Most of the existing data describing the age-related changes in T-cell function come from studies of the rodent immune system. Although these models have been invaluable in elucidating various fundamental facets of the immune system, including its (dys)regulation in aging, there are reminders that the results from rodent models do not automatically translate to humans. This lack of translation includes failure in humans of vaccine approaches that were validated in rodents.11 Moreover, in the specific case of aging, there are additional overriding reasons for which rodent models are likely to imperfectly approximate the human situation. First, the span of chronologic aging is widely different between rodents and humans (differences in median and maximal life span between mice/rats and humans are ∼30-fold). Second, inbred laboratory rodents are maintained under specific pathogen-free (SPF) conditions that are very different from the microbial environment that shapes the state of activation of the outbred human immune system. Finally, evolutionary tables teach us that rodents and humans diverged from the common ancestor approximately 210 million years ago.12,13
The nonhuman primate (NHP) model scores much better on all of these points: difference in life spans is less than 3-fold, outbred genetics and exposure to environmental pathogens are comparable to humans, and an extremely close evolutionary relationship exists with an approximate divergence of 30 million years between the old-world monkeys and humans. Moreover, shared markers of T-cell phenotype differentiation and function14 between NHPs and humans further indicate that NHPs should represent highly desirable models for immunogerontologic studies, with direct relevance for human T-cell senescence. Moreover, validation in NHPs of the observations in rodents would provide a stringent, “real-life” test for such observations. With that in mind, we set out to develop and validate a comprehensive map of phenotypic and functional aging of the immune system in rhesus macaques (RMs).

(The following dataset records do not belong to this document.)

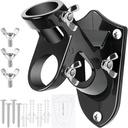 Flag Pole Holder, Outside House Flag Pole Bracket, Heavy Duty Metal Flag Mount, Aluminum Alloy Mounting Brackets, Outdoor Flag Holder- Strong Rust Free, Dual Position 1 inch Black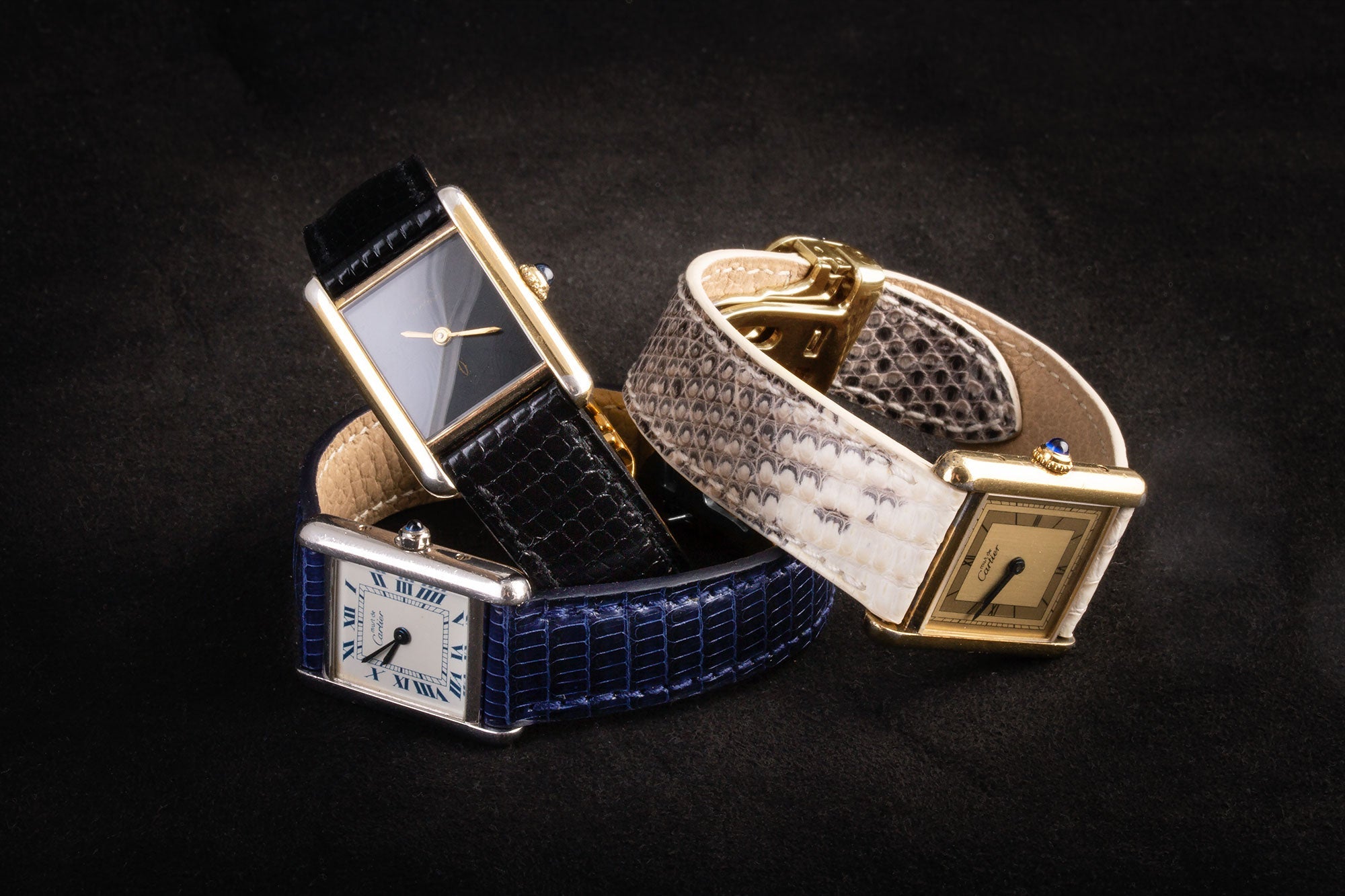 Cartier Tank - Bracelet montre cuir - Lézard (noir, bleu, marron, rouge, himalaya)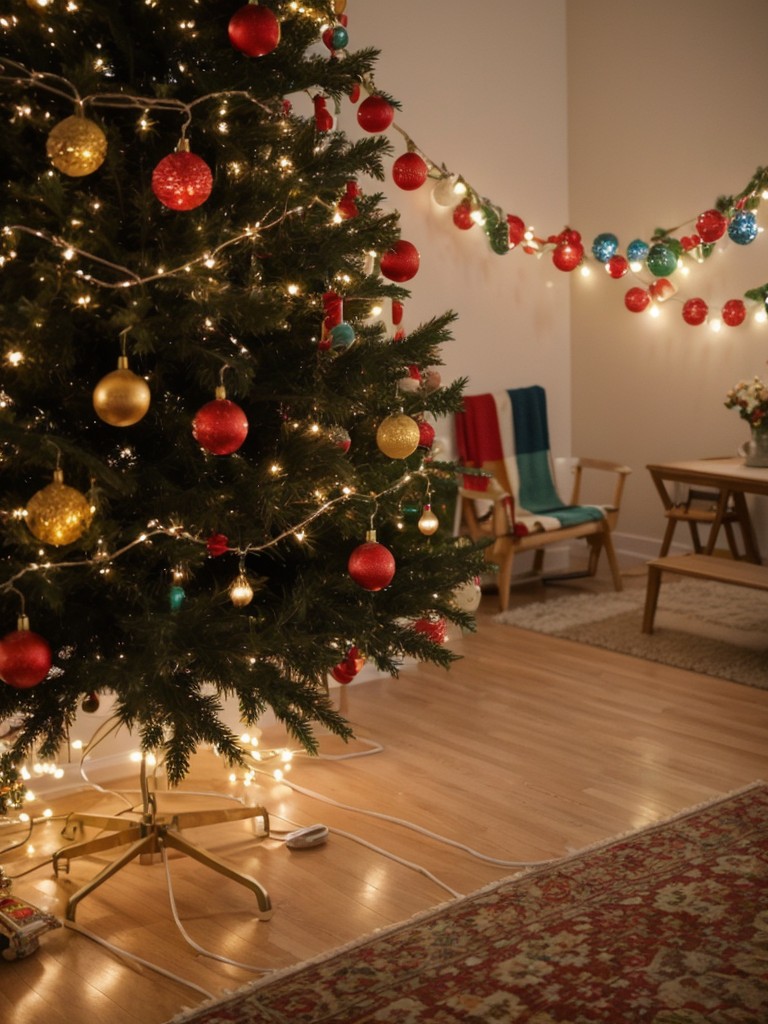 Channel a retro vibe with colorful vintage-inspired decorations, string lights, and a kitschy tinsel tree.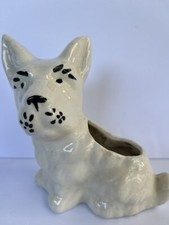 VINTAGE SCOTTIE DOG PLANTER - Adorable Ivory Pup With Black Features
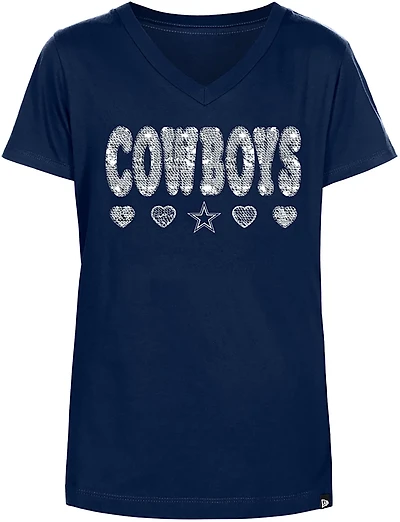 New Era Girls' Dallas Cowboys Flip Sequin T-shirt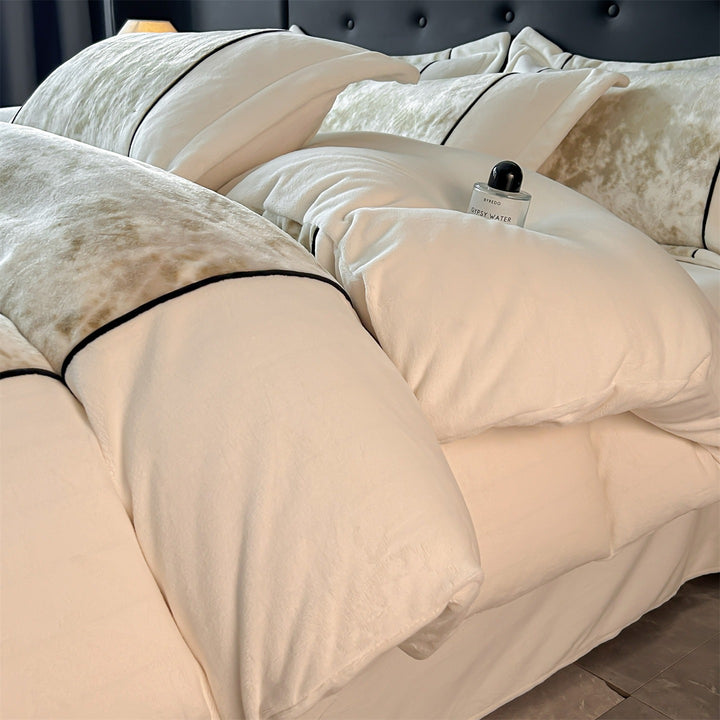 Milk fiber fleece bedding set, French luxury style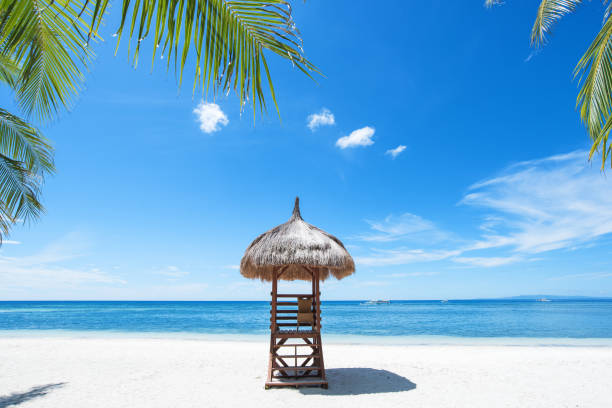 istock Empty Lookout Tower At The Tropical Beach 921625388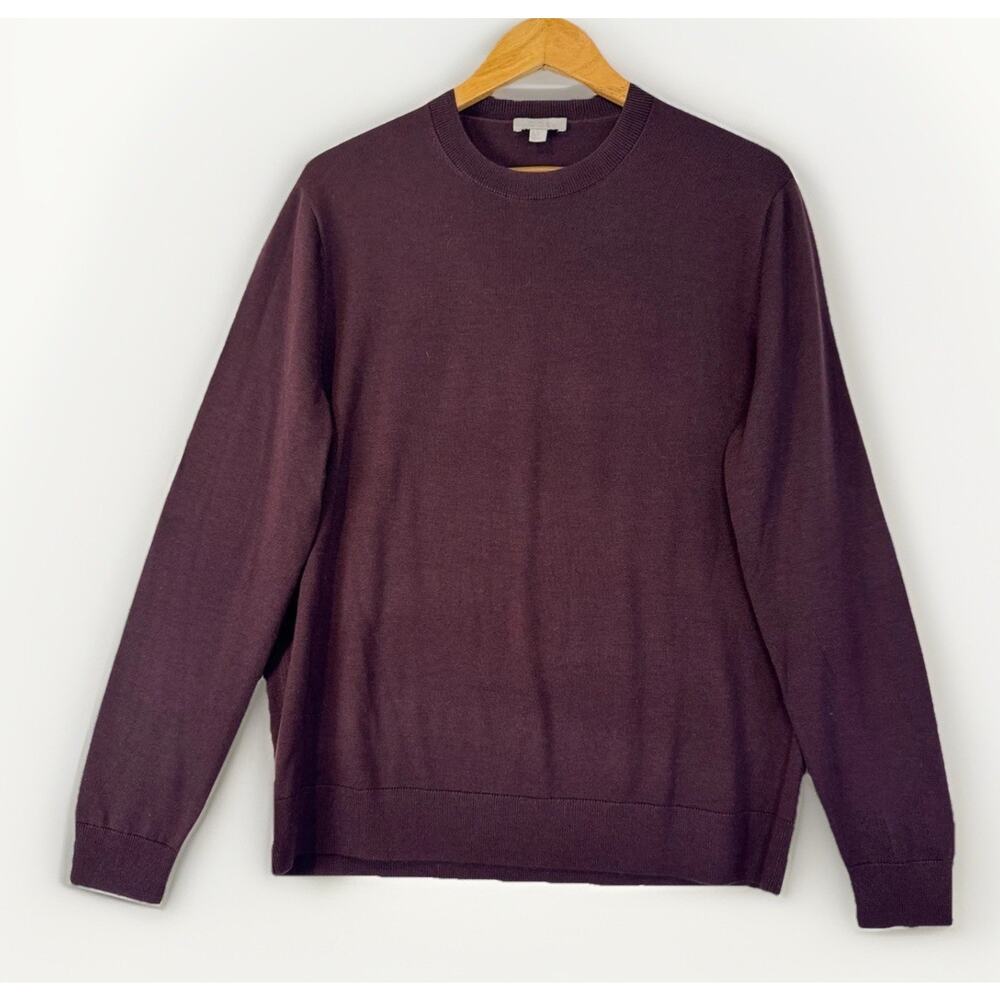 COS Men's Plum Ribbed Knit Wool Sweater‎ XL Minimalist Pullover Long Sleeve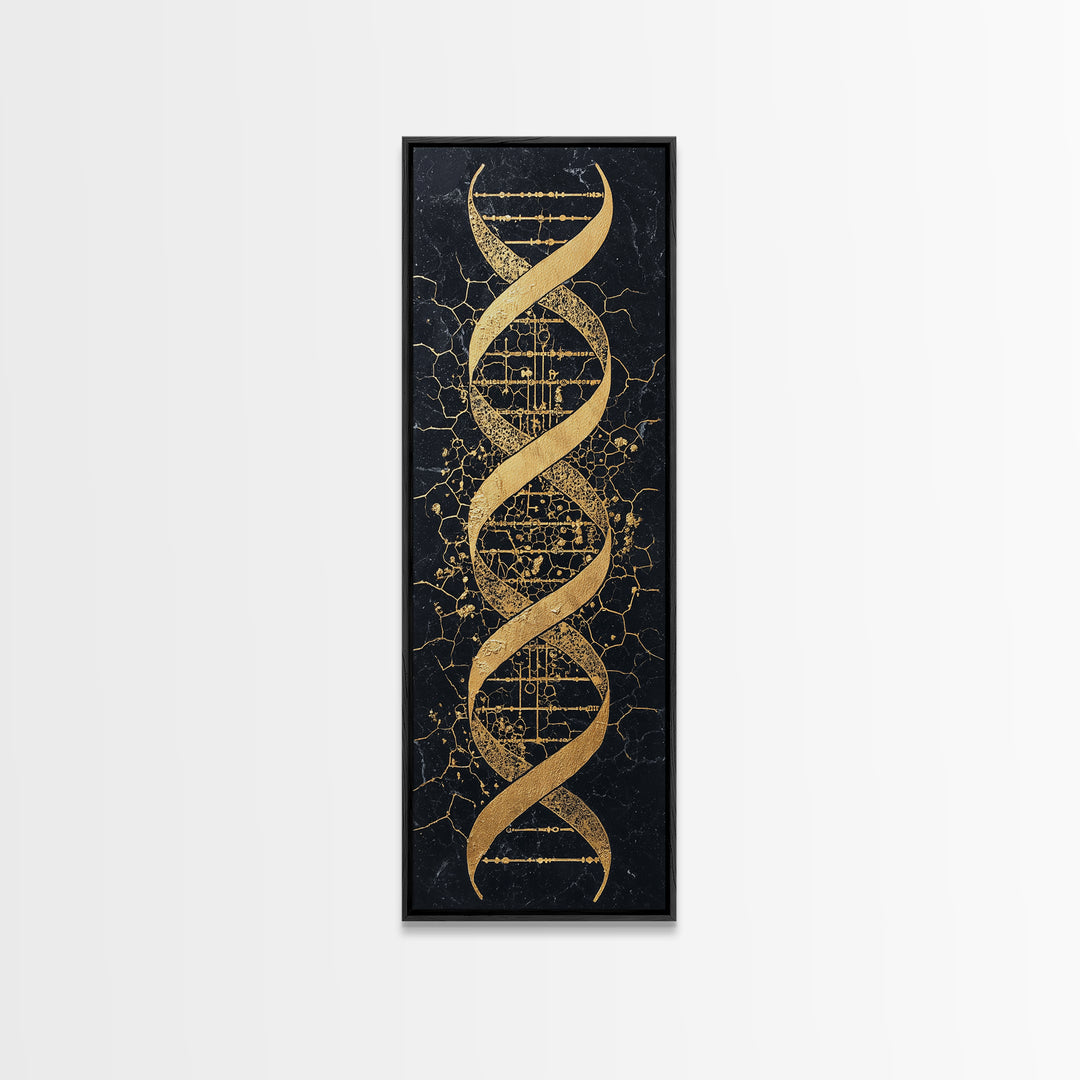 Gold DNA Helix On Black Cracked Background Canvas Print, Science Wall Art, Black And Gold Art, Modern Office Decor Gift For Him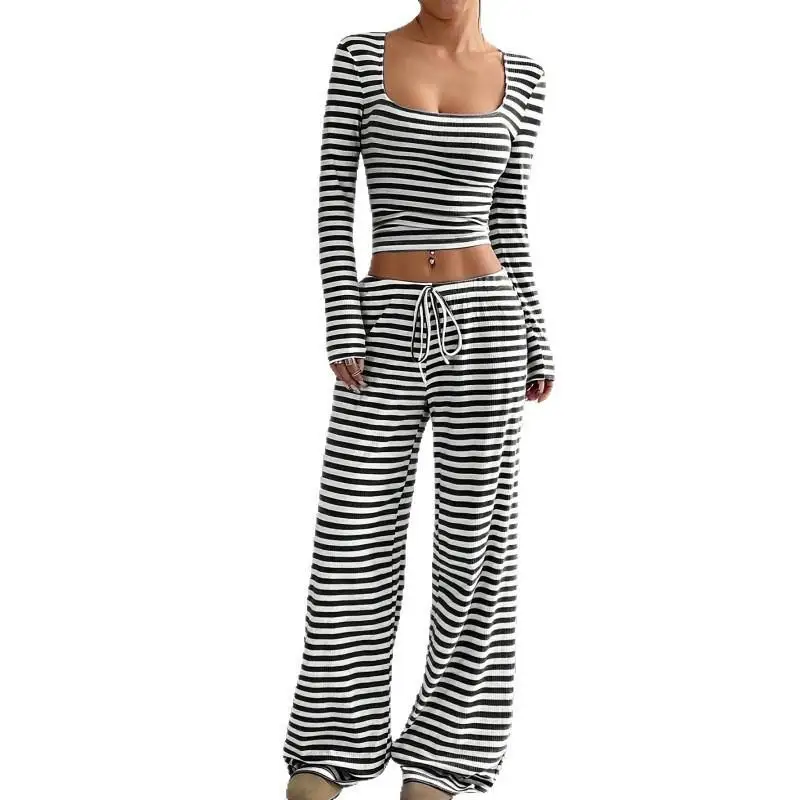 Women's Striped Two-Piece Set Square Neck Top Cropped Tunic Fashionable Summer Outfit Versatile Workwear Casual Student Uniform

We used CD95 and CD28 as the most consistent surface antigenic markers of end-stage memory differentiation in humans15 and RMs14 to analyze the representation and function of naive and memory-phenotype T cells over the entire life span of RMs. Overall, we found that the pattern of age-related T-cell changes was remarkably different in CD4 and CD8 subsets. These results highlight fundamental differences in the biology of the 2 T-cell lineages as one of the underlying causes for changes observed in immune senescence, and possibly in immune exhaustion, and also urge caution in using CD28 status as a marker for replicative senescence.
Materials and methods
Animals
All animals used in this study were colony-bred RMs (Macaca mulatta) of Indian origin maintained and used in accordance with guidelines of the Animal Care and Use Committee at the Oregon National Primate Research Center and the National Institutes of Health Guide for the Care and Use of Laboratory Animals. Healthy animals of either sex were selected to represent the life span of the RM. Groups included 6 neonates (mean age, 1 day; range, 1 day), 4 juveniles (mean, 3 years; range, 2.0-4.4 years), 7 adult (mean, 6.9 years; range, 5.5-9.3 years), and 8 old (mean, 20.5 years; range, 15.4-24.7 years) animals. No systematic sex differences were observed among the animals for the parameters analyzed. Tissues were obtained from animals undergoing necropsy, through the Oregon National Primate Research Center's Tissue Distribution Program. Animals with tumors or verifiable disease were excluded from the study. A group of 14 animals (aged 6-34 years) used for the in vivo 5-bromodeoxyuridine (BrdU)–labeling experiments partially overlapped with a cohort used for T-cell phenotype and in vitro functional studies.
Cell preparation
Splenocytes were obtained by mechanical dissociation, resuspended in complete medium (CM; RPMI 1640; Gibco BRL [Grand Island, NY], supplemented with l-glutamine, 10% heat-inactivated fetal calf serum [FCS], and penicillin and streptomycin at 100 μg/mL each), and red blood cells (RBCs) were lysed using NH4Cl. Peripheral blood mononuclear cells (PBMCs) were isolated from heparinized venous blood by density gradient sedimentation using Ficoll-Hypaque (Histopaque-1077; Sigma-Aldrich, St Louis, MO).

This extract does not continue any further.